↓↓↓

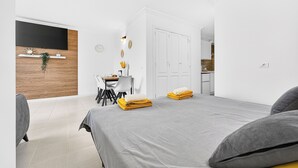 Ett modernt hotellrum med en säng, ett skrivbord, en stol, en TV och en garderob.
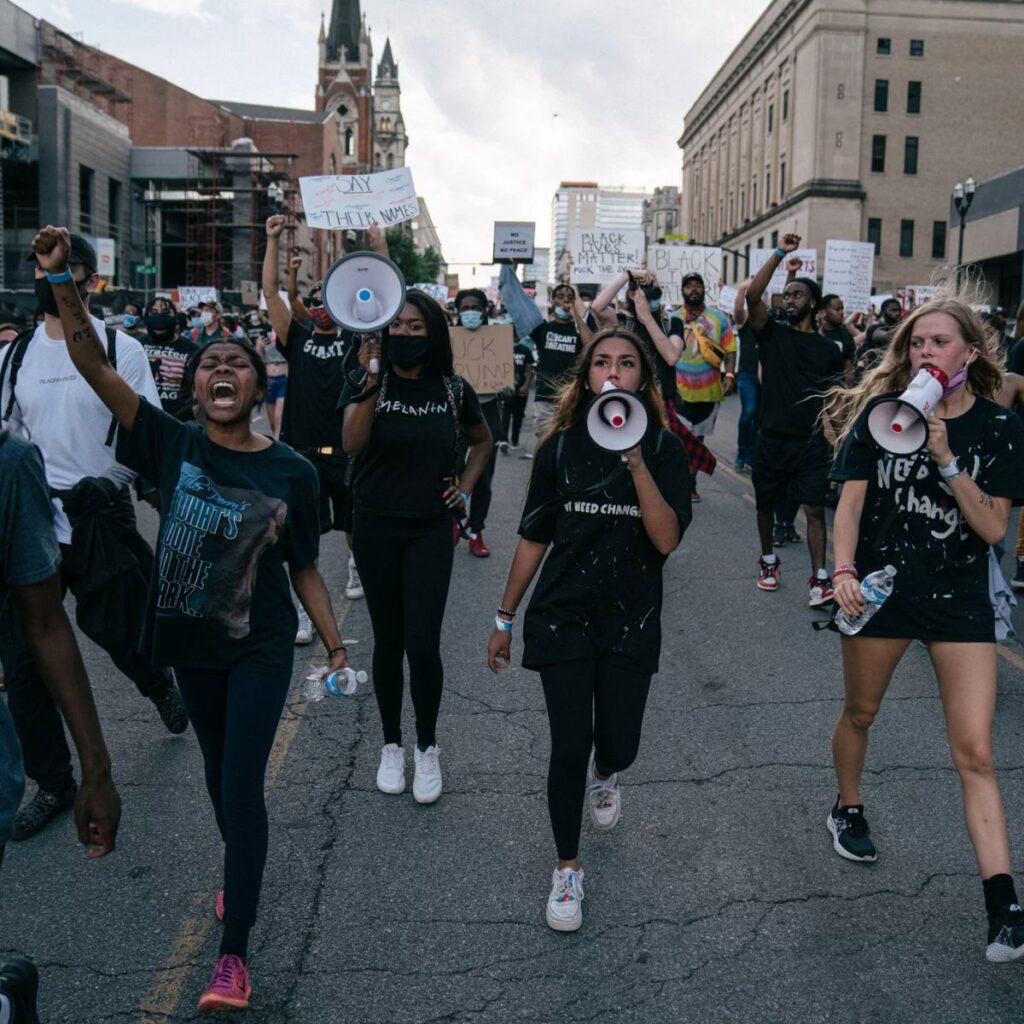 A photo of four teenage girls, wearing black, leading a march down a street in Nashville, Tennessee. Three girls carry bullhorns. One girl's fist is raised in the air and she is shouting. In the background are other marchers carrying Black Lives Matter signs, and city buildings.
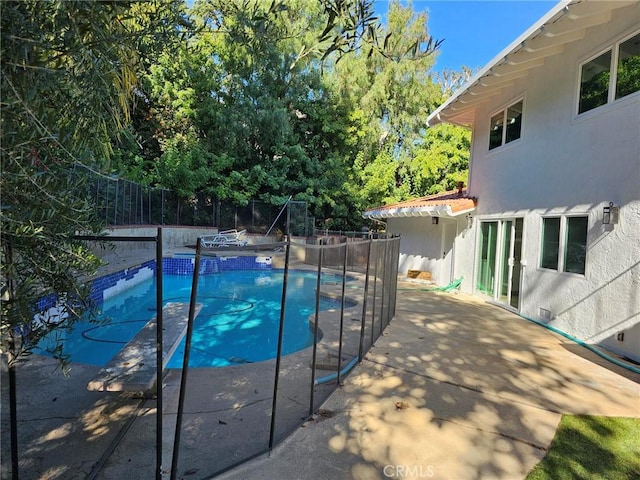 view of swimming pool with a fenced backyard, a fenced in pool, and a patio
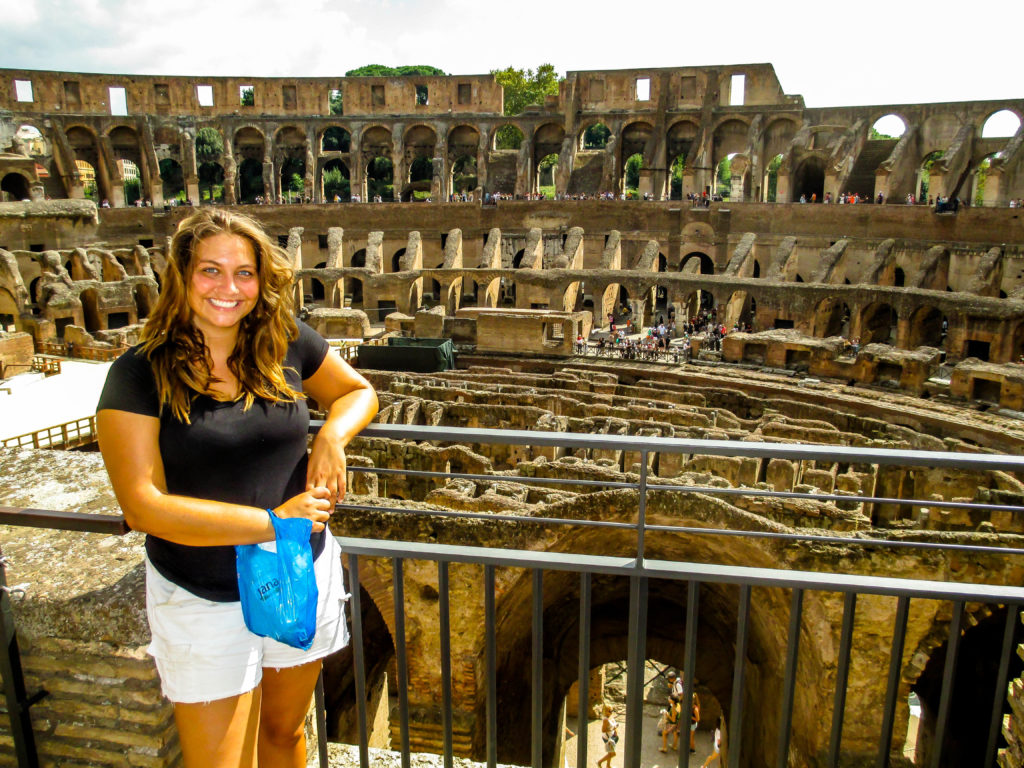 Overweight and traveling girl standing in front of the Coliseum 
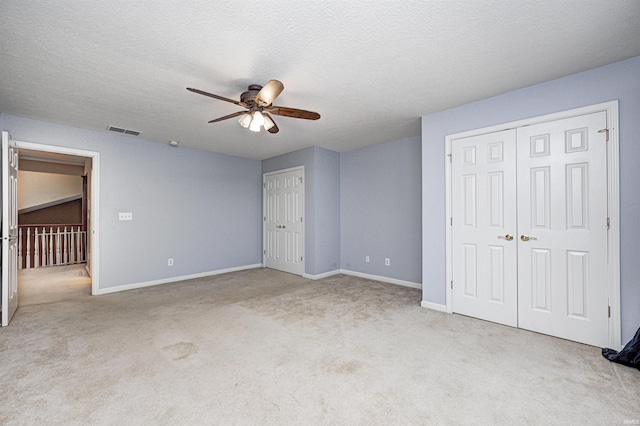 unfurnished bedroom featuring a textured ceiling, light colored carpet, and ceiling fan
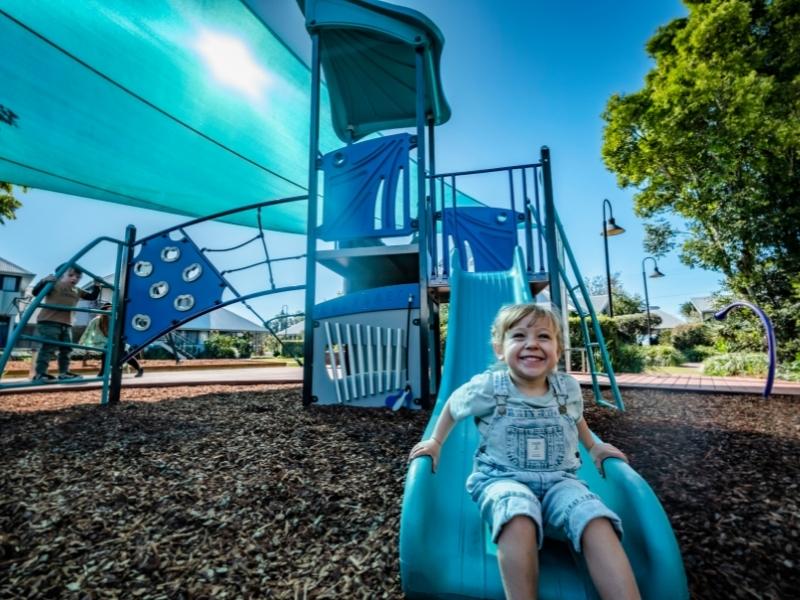 Children playing on the play equipment at Riverside Holiday Resort Urunga 800x600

↑↑↑

Exercise aim:
Pictures are to be excluded; all other material must be transcribed exactly.

Task result:
 Ett modernt hotellrum med en säng, ett skrivbord, en stol, en TV och en garderob.
 A photo of four teenage girls, wearing black, leading a march down a street in Nashville, Tennessee. Three girls carry bullhorns. One girl's fist is raised in the air and she is shouting. In the background are other marchers carrying Black Lives Matter signs, and city buildings.
 view of swimming pool with a fenced backyard, a fenced in pool, and a patio
 Overweight and traveling girl standing in front of the Coliseum 
 unfurnished bedroom featuring a textured ceiling, light colored carpet, and ceiling fan
 Children playing on the play equipment at Riverside Holiday Resort Urunga 800x600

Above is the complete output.